I'll kick off with an agricultural example from rural France. I think you will recognise that the agricultural lobby, in the West anyway, has done very well since WWII. They have enjoyed subsidies, protective tariffs, guaranteed prices, and compensation when things go wrong with their businesses.
There is one extraordinary bit of protective legislation that I know about, since it directly affected us (though we have been able to resolve it). It is an ideal illustration of the Law of Unintended Consequences.
Because farming operates on an annual cycle, farmers, reasonably enough, want as much notice as possible of changes that will affect them - like the reallocation of land they might be renting.
Now this can be safely left to the free market. People with land to let, but who are unreasonable about time frames, will find it more difficult to let that land, and will find that they can charge less for it. In like vein, farmers who are prepared to take land for one, two or three years will find more land available to them than those who are looking to tie someone into a 20 year contract.
However, in France, the State likes to protect agriculture, and this is how they have "helped" farmers in their struggle with unreasonable landlords.
First, land is now let for a minimum nine year period. That is hefty enough. However, at the end of that nine year period, the renting farmer has the option, by right, to extend the contract for a further nine years, for nine years after that, and so on to perpetuity. Which is pretty scary for the landlord.

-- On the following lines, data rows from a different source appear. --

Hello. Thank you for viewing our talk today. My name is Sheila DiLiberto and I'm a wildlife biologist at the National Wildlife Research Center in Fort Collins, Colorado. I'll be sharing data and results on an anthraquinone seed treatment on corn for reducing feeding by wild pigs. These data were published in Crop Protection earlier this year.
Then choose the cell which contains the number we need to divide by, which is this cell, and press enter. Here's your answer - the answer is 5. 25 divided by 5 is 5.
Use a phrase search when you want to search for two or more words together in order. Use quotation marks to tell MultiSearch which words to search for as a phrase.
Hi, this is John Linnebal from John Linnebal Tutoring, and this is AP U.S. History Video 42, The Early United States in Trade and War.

It makes no difference if the land is sold in the meantime. For a start, the farmer is protected for the nine years anyway. At the end of the nine years you, the new owner, can petition to get the land back, but if you're a townie say, you can kiss your chances goodbye. Even if you wanted to farm it, it would likely go to a tribunal that could easily rule against you. So you can end up owning, and paying taxes on, as asset that you have no reasonable chance of ever getting back.
OK, let's get to the unintended (but by now quite predictable) consequence. Farmers are kicking and screaming because they can't find land to rent. Oh, the land is there alright, and there are people who would love to rent it out. But because some functionaire can't trust two adults to work out a reasonable contract between them no one dares to let their land.

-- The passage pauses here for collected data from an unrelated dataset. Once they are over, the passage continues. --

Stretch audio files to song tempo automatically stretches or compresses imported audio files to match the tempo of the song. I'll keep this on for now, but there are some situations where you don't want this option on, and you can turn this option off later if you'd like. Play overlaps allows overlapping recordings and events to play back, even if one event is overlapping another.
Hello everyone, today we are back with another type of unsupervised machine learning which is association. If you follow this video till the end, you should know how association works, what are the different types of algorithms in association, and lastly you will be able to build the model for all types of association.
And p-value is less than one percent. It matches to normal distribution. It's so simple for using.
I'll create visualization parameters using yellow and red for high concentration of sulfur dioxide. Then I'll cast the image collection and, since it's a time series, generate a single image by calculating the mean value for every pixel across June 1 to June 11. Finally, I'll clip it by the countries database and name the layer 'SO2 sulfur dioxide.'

Another. What turned the British into a nation of home owners, rather than tenants (which many were happy to be)? And in the process turned them into one of the most indebted nations on earth who measure their happiness almost entirely in terms of house prices?
The desire to "protect" tenants against landlords.

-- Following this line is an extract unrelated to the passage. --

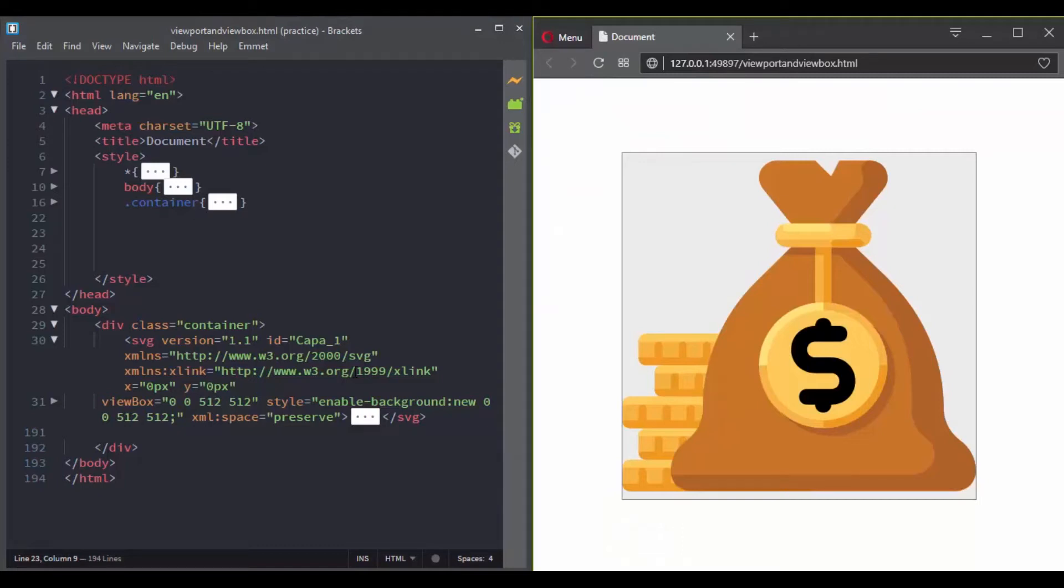The viewport and the viewbox are one of the important concepts of SVG to understand, so let's start off with the viewport. The viewport is the visible area of the SVG image.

This took many forms, almost all of which deterred people from letting property and so ultimately hurting the rented sector. When rents are controlled, the sector gets less profitable and shrinks. When you cannot terminate rental agreements, the sector is less attractive and shrinks. When tenants can be more easily removed from furnished properties than unfurnished ones, the unfurnished sector shrinks so you can only rent something with the cheapest and most hideous furniture imaginable (I did). All the above happened in the UK in the 60s, 70s and 80s.
I know there are unreasonable landlords, but the free market will punish them. They will find it harder to get tenants and will have to charge less for their rentals. As it happened the government played right into their hands by (unintentionally!!) shrinking the sector so that the remaining landlords had people grovelling to get a place, any place.
I confine myself to one more example, road straightening to reduce accidents. Well, you guessed it. Drivers increase their speeds which increases the accident rate, and increases the chance of fatalities among cyclists and pedestrians.
There are many other examples of the Law of Unintended Consequences, but rather than bore you I will invite you to look out for them, and maybe post them in comment form. The key characteristic almost without fail is the state doing something to protect someone, but hurting them by so doing.